When asked about indirect exposure to a subject, Feldspar pondered for a moment. “We haven’t conducted any experiments on this yet,” he replied, “but our hypothesis is that indirect exposure to a subject plays a role in learning it as well.” He added that students who took courses but did no work showed negligible progress. “You learn something from just being in the environment,” he said, “but it appears that you learn a great deal more if you study the material, day after day.”
Asked whether the researchers had used standardized tests for their experiment, Feldspar shook his head vigorously. “You see, the American standardized tests don’t contain much subject matter,” he explained. “Their emphasis is on skills. In our study, we used tests that were directly related to what students had learned in the course.” Even then, he said, the tests didn’t show everything. “We know well that the test can’t measure all that was taught, and that the students’ performance isn’t an exact indicator of how much they learned.” All the same, he said, the test results showed differences between students who had studied a subject and students who hadn’t. “There are always some who study and study and still don’t learn,” he said, “but on the whole, so far, it appears that students who study a subject have a certain learning edge in that subject.”
Other scholars were quick to dismiss the findings. “The Peutêtre findings rest on the long-disproven axiom that you can only learn subject matter through a transmission model,” said Lorraine Caulk, professor of educational neurobehavior at Instructors College in Iowa City. “In fact, research has shown that when we empower children as self-initiating scholars, they start to exhibit strategic thought behaviors without the hierarchical modeling of traditional task performance.”

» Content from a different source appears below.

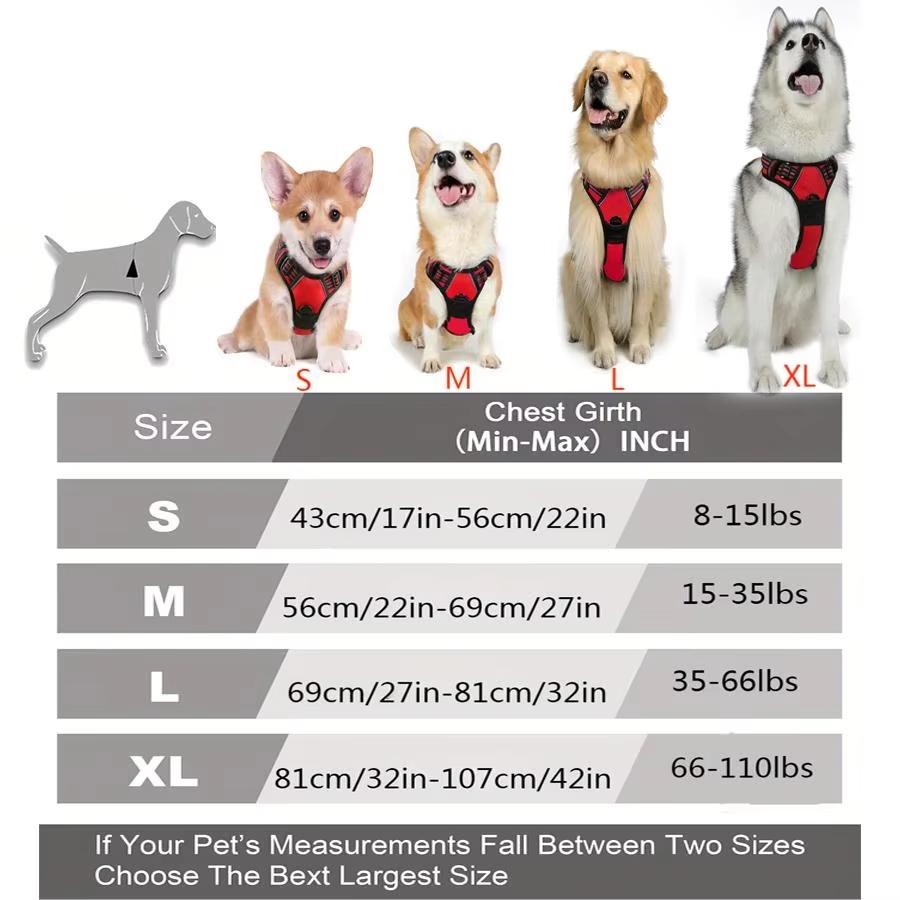 Dog Harness No Pull Reflective Dog Harness Vest Featuring Easy Control Handle Designed for Small Large Dogs Outdoor Walking Training Supplies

“I’m not sure what that means,” retorted Feldspar. “If Dr. Caulk would care to clarify her statement, I’d be happy to try to respond to it.” Dr. Caulk replied that she was using standard research terminology and that Dr. Feldspar should acquaint himself with the literature.
At this time it is unclear whether the findings at Peutêtre will have any impact on the classroom. “I like the gist of it—that we should teach actual subject matter,” said Nellie Nekogda, principal of the High School for Innovative Thinking in New York City. “The problem is, we have no money for books, and we have to bring up our test scores in ELA. I’d love to do it, though, if we could get the resources and the support.” She leaned back in her chair. “My reformation, glittering o’er my fault,” she mused, quoting from Henry IV, Part 1. “It has been years since I thought about that play. How great it would be to teach it here. Some day,” she said, “some day.”